Dataset entries section start
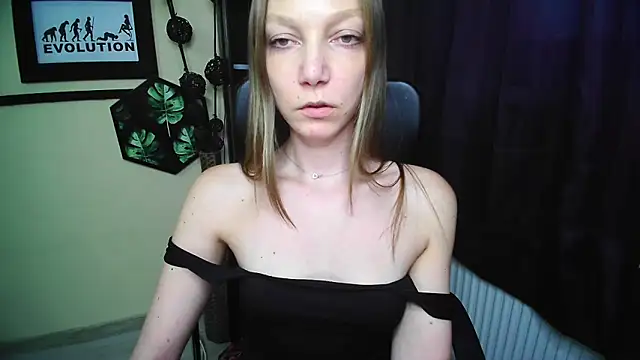 EmillyPlay live XXX chat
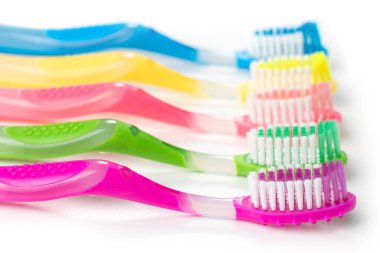 Beyaz arkaplanda renkli diş fırçalarını ayarla.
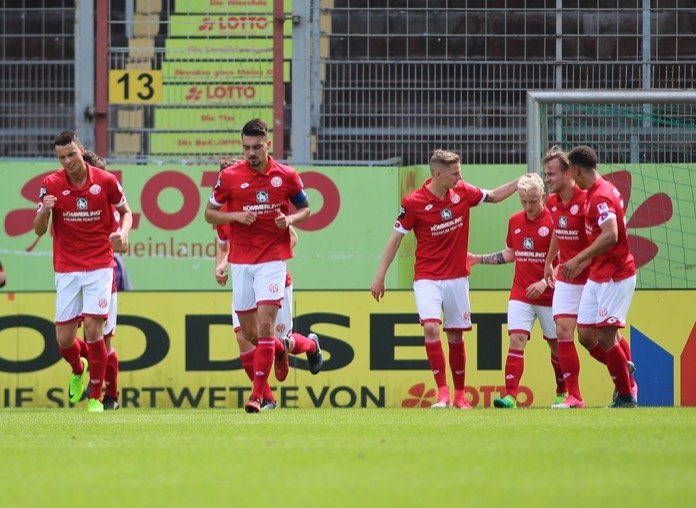 36. Spieltag 16/17: 1. FSV Mainz 05 II - VfR Aalen - Bild 9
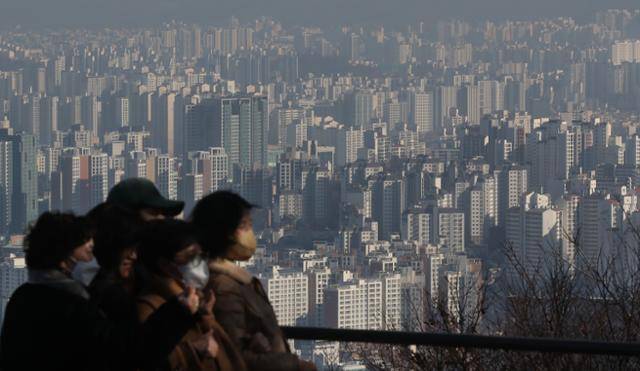 11일 서울 남산에서 바라본 아파트 모습. 뉴스1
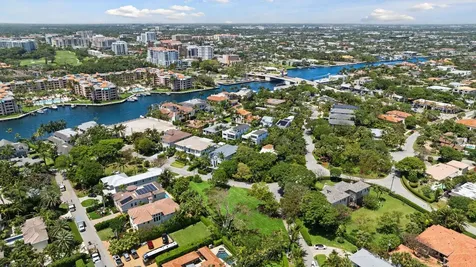 810 E Fern Drive Boca Raton FL 33432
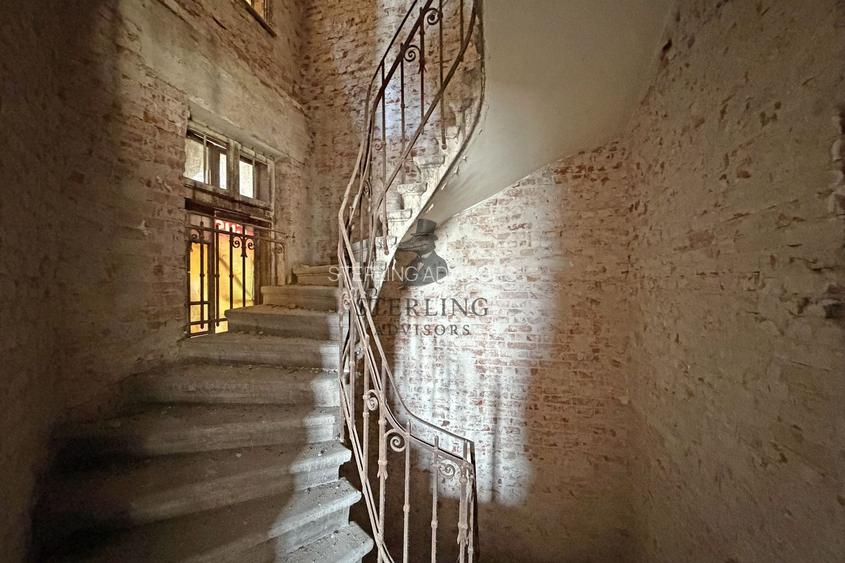 Imobil versatil, 1000 mp, pretabil conversie hotel sau apartamente - 15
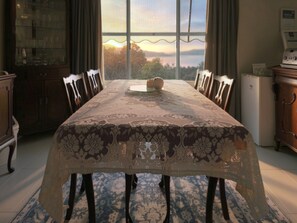 Breakfast area - Waterview Gardens B&B (Margate)
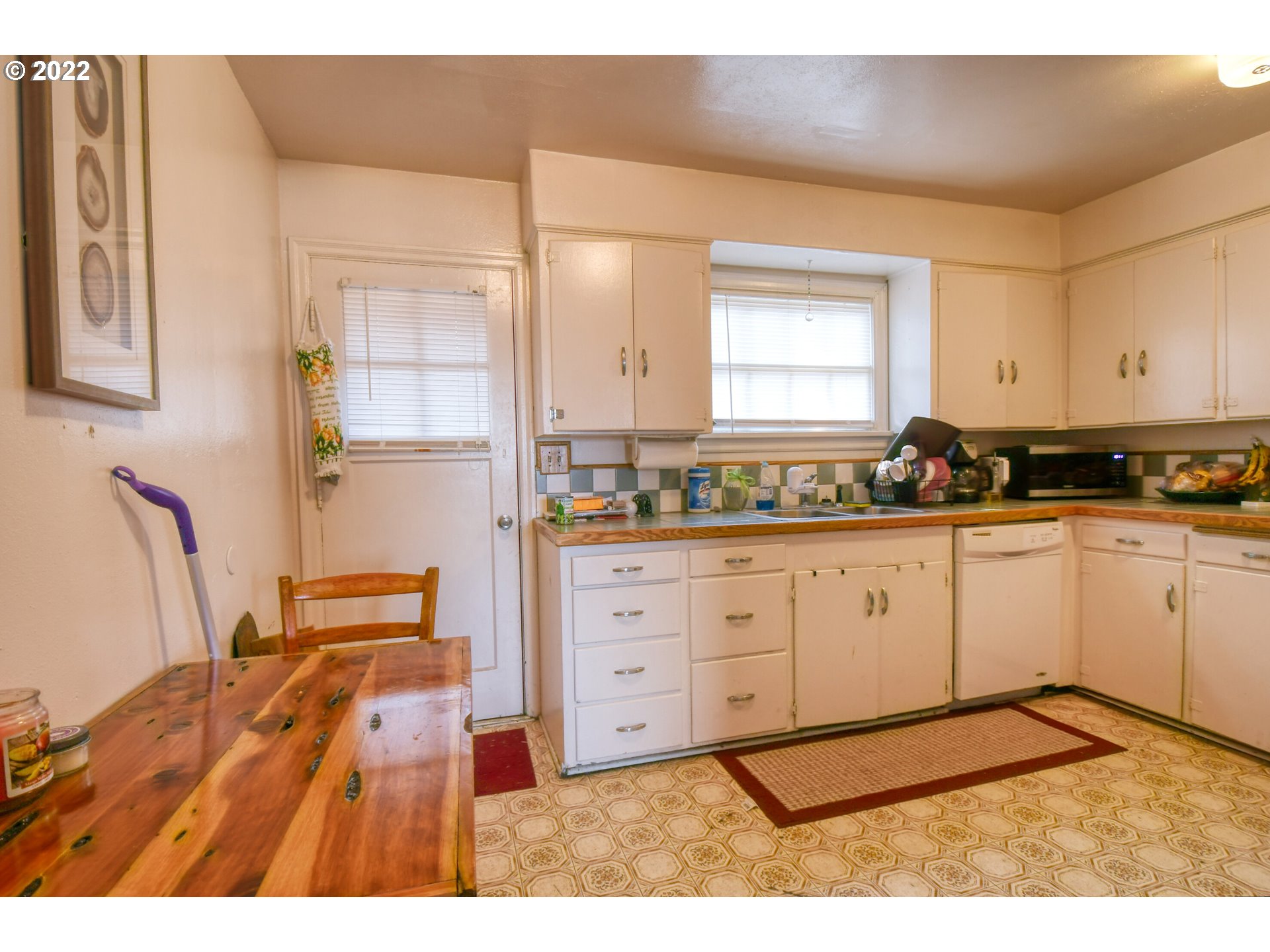 1302 Southwest Goodwin Lane Pendleton, OR 97801 - Photo 14 of 21 a kitchen with cabinets appliances and a counter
Dataset entries section end
» Work request
In the copy, include exactly the lines from the one with "36. Spieltag 16/17: 1." through the final line of the data, both ends included, and no pictures.

» Output
 36. Spieltag 16/17: 1. FSV Mainz 05 II - VfR Aalen - Bild 9
 11일 서울 남산에서 바라본 아파트 모습. 뉴스1
 810 E Fern Drive Boca Raton FL 33432
 Imobil versatil, 1000 mp, pretabil conversie hotel sau apartamente - 15
 Breakfast area - Waterview Gardens B&B (Margate)
 1302 Southwest Goodwin Lane Pendleton, OR 97801 - Photo 14 of 21 a kitchen with cabinets appliances and a counter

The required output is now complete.